Many teachers find that when they are trying to teach the concept of area, children frequently become confused between the terms "area" and "perimeter." To try to clear the confusion, a research project was recently set up at the University of London's Institute of Education. We decided to look at the tools that children use to measure area — and to try to find out whether these affect, in any way, their understanding of the concept. We started by choosing two different ways of measuring an area — with a ruler or with 1 cm cubed bricks — and then designed some specific problems for a group of children to solve. In all, 240 children, from grades 4, 5, and 6, took part.

We covered a range of different problems — the first involved two children who had been asked to paint two walls to earn some pocket money. The walls measured 10 x 4 cm and 8 x 5 cm — they had the same area but the perimeter was different. When the children were paid, they couldn't decide how to share the money because the wall painted by one was wider than the other — but the second wall was higher. We asked the pupils taking part in the project to work out whether the children had painted the same area and whether they should each receive the same amount of money.

They drew diagrams of the walls to scale on sheets of paper. As you can imagine, it is hard to tell who has done the most work, because the first wall is wider than the second and the second is higher than the first. The children worked in two separate groups and within these groups were asked to work in pairs. Those in the first group were given rulers to solve the problem; the others were given 1 cm cubed wooded bricks. We deliberately restricted the number of bricks to 20 because we wanted the children to consider a range of options — not just use the bricks to fill the space. They quickly realized that there were not enough bricks to cover the shape — which introduced a problem-solving element. Initially, this caused some dismay but eventually many of the children put a line of bricks along the width and another line along the height, working out their own width x height formula.

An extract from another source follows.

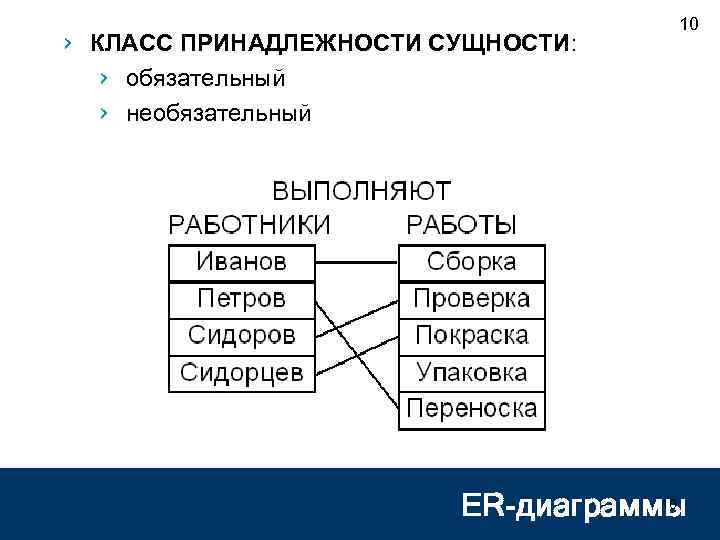 › КЛАСС ПРИНАДЛЕЖНОСТИ СУЩНОСТИ: › обязательный › необязательный 10 10 ER-диаграммы 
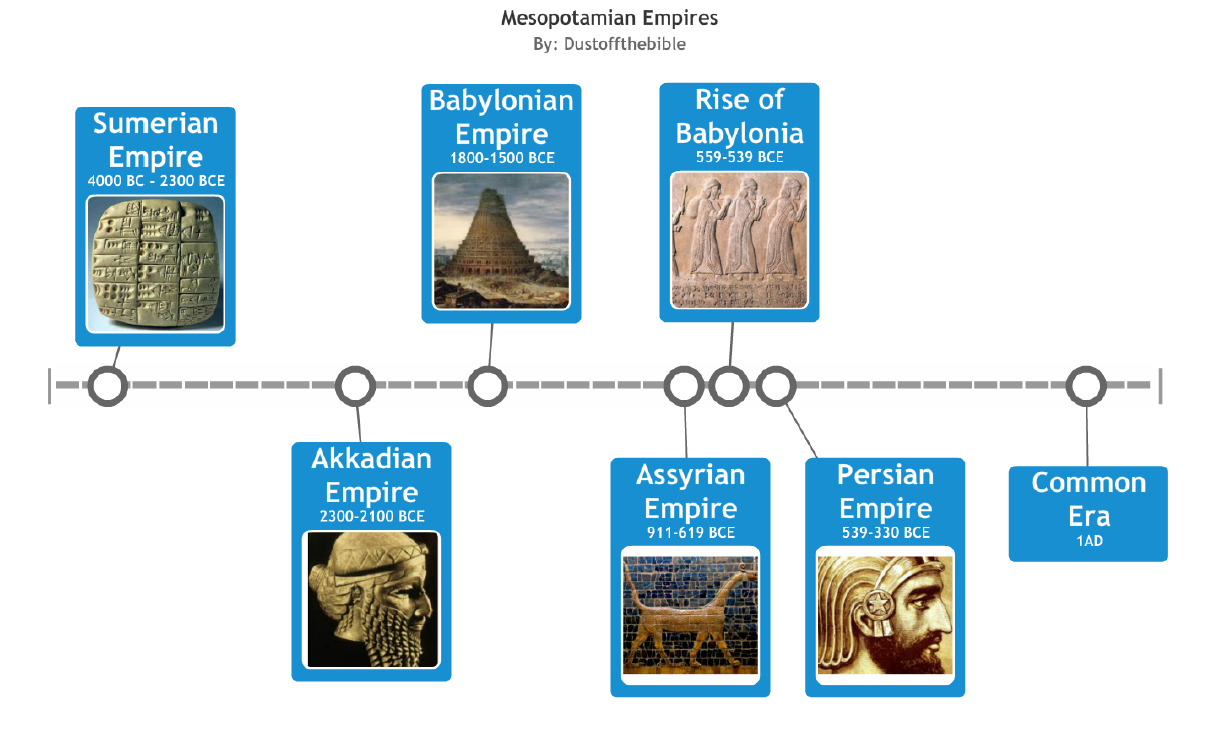 mesopotamian-empire-timeline-dust-off-the-bible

We asked the children to decide whether the area was the same or different and for them to agree on one answer. This encouraged a great deal of discussion about the problem — and how it could be solved. Once they had agreed on an answer, we set about finding out whether or not they were correct. We took a piece of ruled card — 4 x 10 cm — and cut it in half to make two pieces — 4 x 5 cm. By fitting the shapes over the outlines of drawings of the walls we could see that if they fitted them, the area was the same. We then gave the children a second problem. What if the walls measured 9 x 3 cm and 8 x 4 cm? Here the perimeter was the same but the area was different. We cut a 9 x 3 cm piece of card into three — one 8 x 3 cm piece and the remainder cut in half — to check their answers, and the children who had given the perimeter as the answer could see their mistake easily. A month later we asked each child to work individually on four more measuring tasks. They now had the choice of using bricks or rulers. We wanted to know if there were any differences in the performance of the children who had used rulers in the first tasks — and those who had used bricks. If there were any differences, we would be able to say quite clearly that this was due to their experience with those first tasks.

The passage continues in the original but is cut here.